One of the most fundamental principles upon which civil law is based is the concept of "the Common Good," i.e., what is best for the stability and healthy growth of society as a whole. For example, society as a whole benefits greatly when laws and policies are enacted which give deference and certain advantages to men wed to women and vice versa. Why? Because, among other things, it is from these unions that children --and future citizens-- spring. And the happier, more well-adjusted, and more stable the children, the happier, more well-adjusted, and more stable --and more productive-- are the citizens they become.

Moreover, even without children coming from their unions, the evidence has shown since the beginning of recorded history that married adults tend to be happier, more well-adjusted, and more stable --and more productive-- as couples than they are as singles. This in turn makes the whole fabric of society stronger and more resilient, particularly because marriage is as much about, if not more about, shared life goals, shared interests, shared enterprises, and shared values than it is about shared beds.

Hence, the protection and strengthening of this timeless and universal institution of monogamous, one-man-and-one-woman-for-life is for the Common Good. And it's no accident that every human society on every continent on this planet since Homo Sapiens arose on the planet has had laws protecting it as well as giving special deference to it. Contrariwise, none of them --with the possible exceptions of ancient Sparta or a handful of polygamous tribal cultures-- has ever legalized or otherwise given the social stamp of approval to "alternative life-style" "unions." That's because they weren't stupid, even if they may have been "intolerant" and "unenlightened" by presumptuous modern Western secularist standards.

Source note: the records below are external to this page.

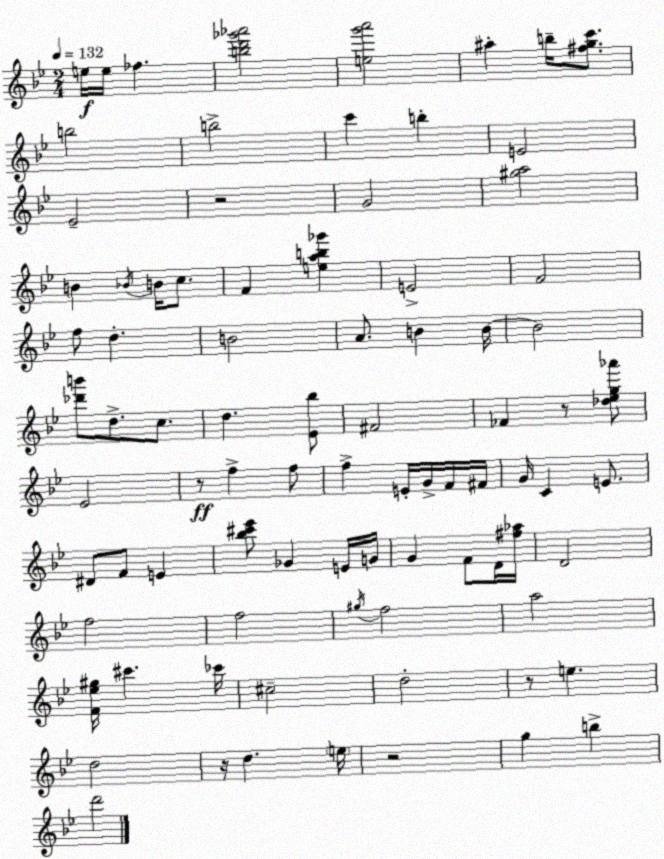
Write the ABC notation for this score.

X:1
T:Untitled
M:2/4
L:1/4
K:Gm
e/4 e/4 _f [bd'_g'_a']2 [eg'a']2 ^a b/4 [^fgc']/2 b2 b2 c' b E2 _E2 z2 G2 [^ga]2 B _B/4 B/4 c/2 F [eab_g'] E2 F2 f/2 d B2 A/2 B B/4 B2 [_d'b']/2 d/2 c/2 d [_E_b]/2 ^F2 _F z/2 [_d_eg_a']/2 _E2 z/2 f f/2 f E/4 G/4 F/4 ^F/4 G/4 C E/2 ^D/2 F/2 E [_b^c'_e']/2 _G E/4 G/4 G F/2 D/4 [^f_a]/4 D2 f2 f2 ^g/4 f2 a2 [F_e^g]/4 ^c' _c'/4 ^c2 d2 z/2 e d2 z/4 d e/4 z2 g b d'2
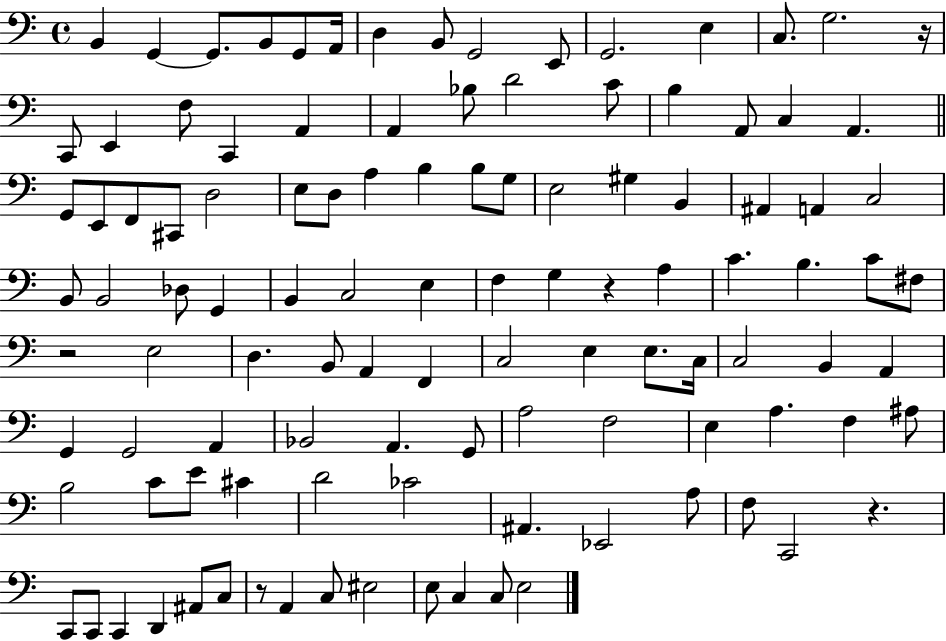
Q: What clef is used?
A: bass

Yet all this seems to have been completely forgotten by the four judges sitting on Massachusetts' highest court this week. In fact, they've completely ignored, if not completely jettisoned, the principle of the Common Good when they decided instead that, in essence, official recognition of unions between two adults should be based solely on the whims and preferences of the two adults in question --i.e., merely because "they love each other." In fact, the judges themselves said as much, and there can be no other explanation for their decision; for in what ways can same-sex "marriages" serve the Common Good, as outlined above? The answer is "none," for --by their very nature-- they cannot.